# BRIEF:
Take the records below and set down exactly the lines from the one with "the m odel for" to the one with "B.Com at Narsee", ends included; do not copy the pictures.

───── MATERIAL PROVIDED

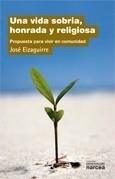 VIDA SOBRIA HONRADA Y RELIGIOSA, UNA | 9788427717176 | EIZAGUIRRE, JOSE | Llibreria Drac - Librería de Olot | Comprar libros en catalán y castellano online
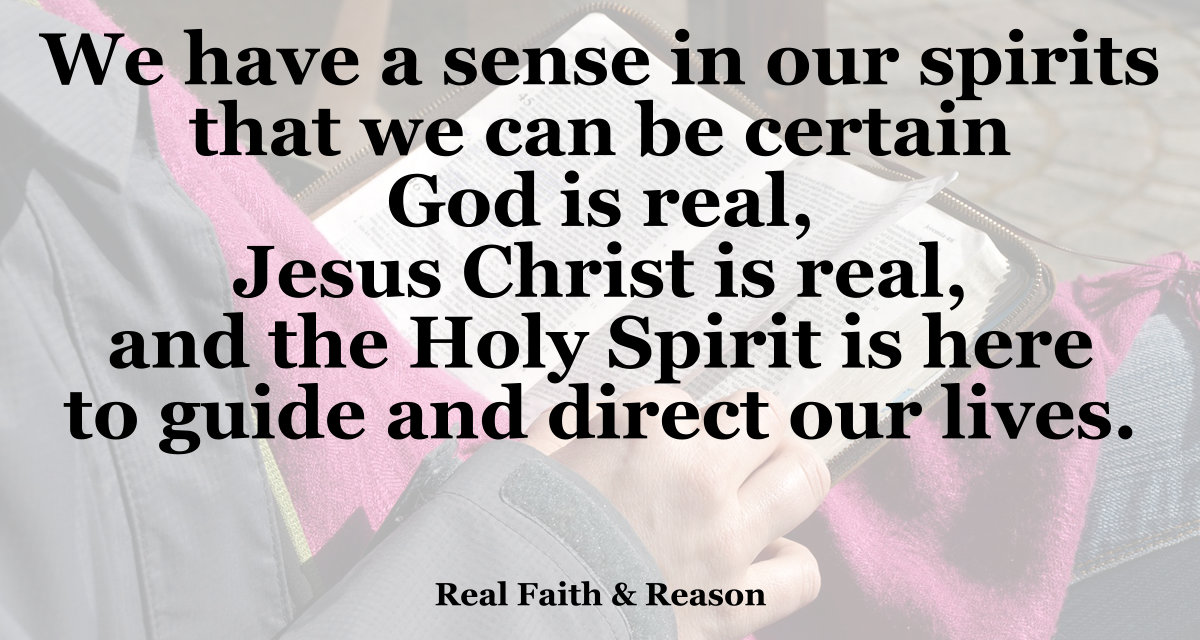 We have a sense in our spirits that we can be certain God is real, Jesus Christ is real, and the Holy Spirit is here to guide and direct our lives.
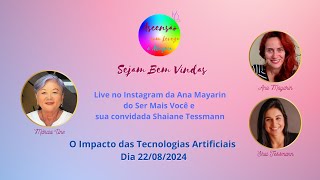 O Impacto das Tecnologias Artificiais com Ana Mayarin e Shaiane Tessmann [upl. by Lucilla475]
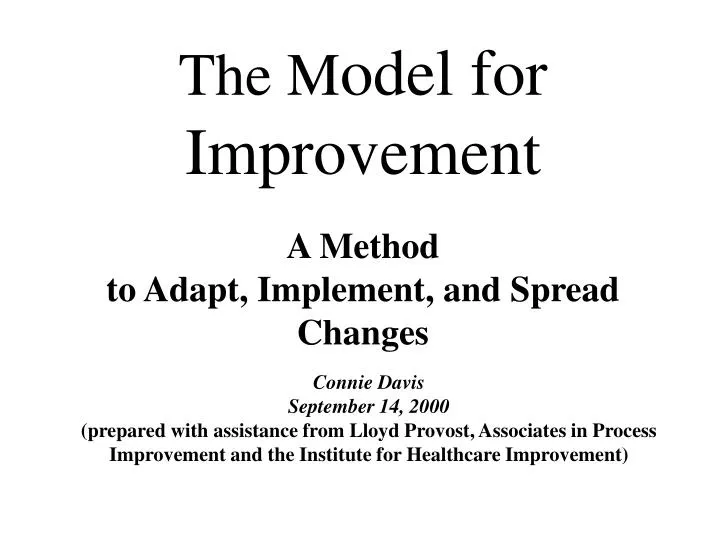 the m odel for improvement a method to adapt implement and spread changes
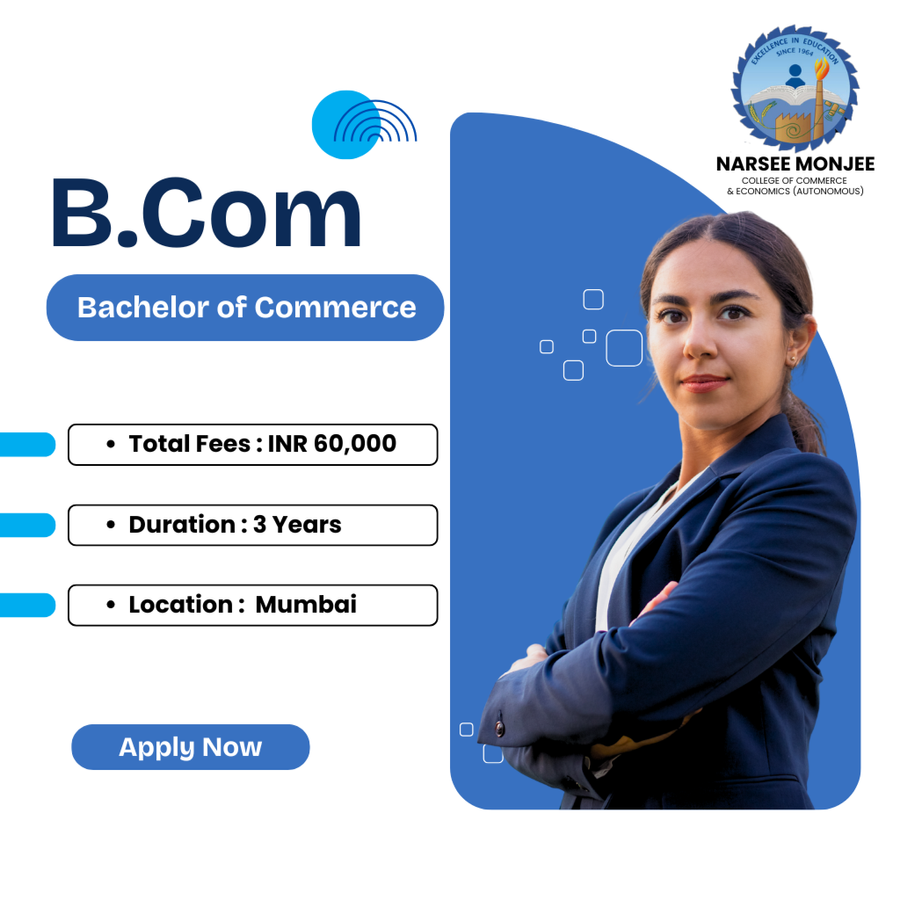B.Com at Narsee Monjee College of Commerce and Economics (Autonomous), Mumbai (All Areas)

──────────
───── MATERIAL PROVIDED

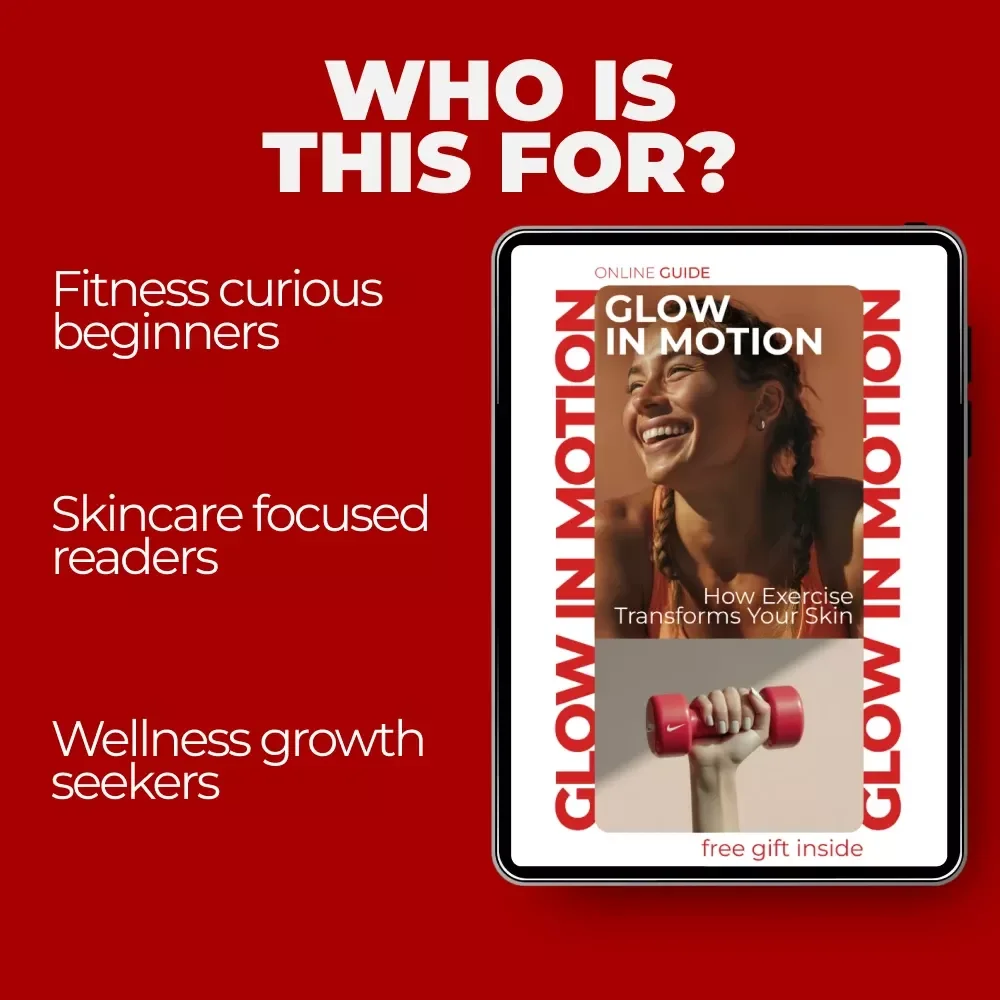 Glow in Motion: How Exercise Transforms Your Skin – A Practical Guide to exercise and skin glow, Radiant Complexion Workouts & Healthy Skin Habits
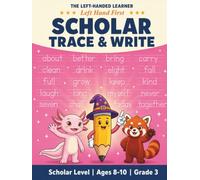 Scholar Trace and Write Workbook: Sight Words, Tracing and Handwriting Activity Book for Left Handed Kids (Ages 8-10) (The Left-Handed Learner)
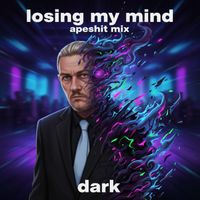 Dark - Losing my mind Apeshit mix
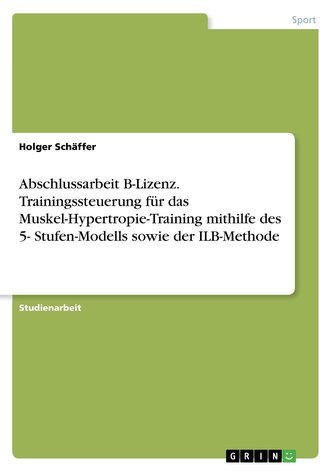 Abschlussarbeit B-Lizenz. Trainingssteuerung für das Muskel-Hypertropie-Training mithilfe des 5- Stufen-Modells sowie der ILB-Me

──────────

# FINISHED TASK:
 the m odel for improvement a method to adapt implement and spread changes
B.Com at Narsee Monjee College of Commerce and Economics (Autonomous), Mumbai (All Areas)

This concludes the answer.